Rather embarrassed, I looked around me. Where were the tapestries? I’d noticed them in their usual places on coming in, with their gloomy ancient warriors, but they were there no longer. “Where are the tapestries?” I asked him. He waved his right hand mildly, resigned and indifferent, as though to say that they were all gone, gone . . .
Meanwhile the young girl, apparently not new to her task, was proving, if anything, too efficient. As soon as we’d finished the fish (which was exquisite) she removed our plates, banging them unceremoniously one on top of the other, and gave us fruit plates. What about the meat course, I wondered, and the savory? I was well acquainted with Antonio’s habits. But he said nothing. In the interim, without my noticing, the girl had removed the silver candlesticks. I looked for them on the surrounding furniture. There was none. It had all disappeared as though by magic.

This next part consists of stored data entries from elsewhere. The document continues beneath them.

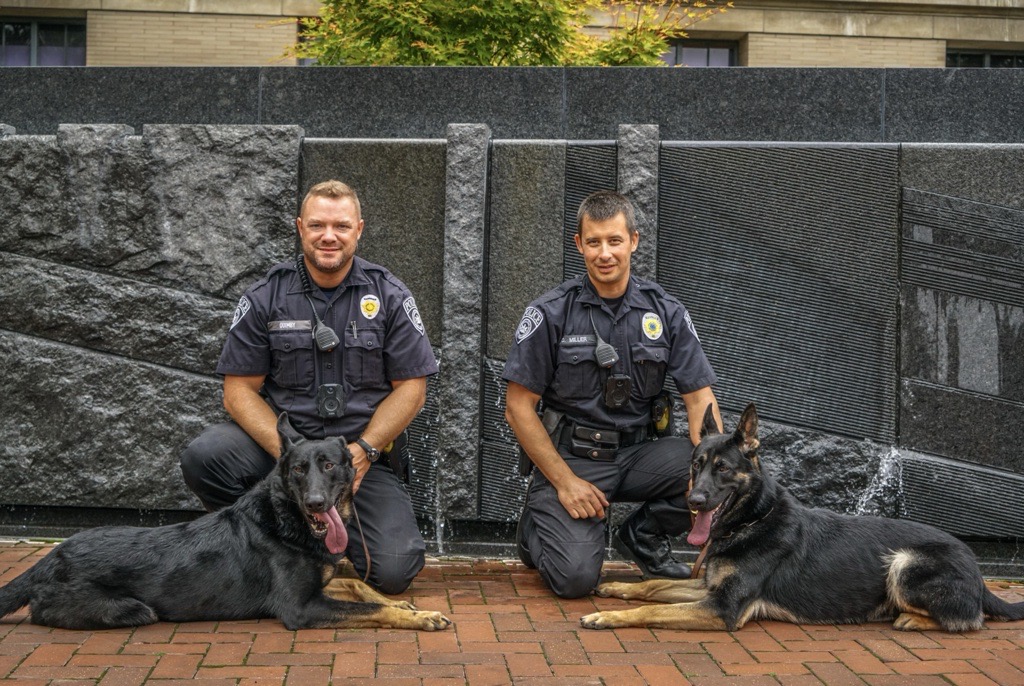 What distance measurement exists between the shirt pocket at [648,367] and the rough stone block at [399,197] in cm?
124

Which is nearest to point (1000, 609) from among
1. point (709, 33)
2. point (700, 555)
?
point (700, 555)

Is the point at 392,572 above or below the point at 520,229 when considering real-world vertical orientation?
below

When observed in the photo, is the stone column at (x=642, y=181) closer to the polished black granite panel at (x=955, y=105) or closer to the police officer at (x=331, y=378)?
the police officer at (x=331, y=378)

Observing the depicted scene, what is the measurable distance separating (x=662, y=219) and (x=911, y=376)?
5.10 feet

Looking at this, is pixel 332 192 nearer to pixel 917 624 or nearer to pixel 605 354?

Then there appeared a small straw basket containing four apples. “They’re not much good,” said Antonio, taking one, “I think this is the least objectionable.” And he passed it to me across the table (across the immense table, which could seat two dozen people).
“Later I’ll show you the samples of the material for the furniture.” Antonio spoke again. “You must help me to choose. You know how hard she is to please. I’d like her to find her room all ready when she comes.”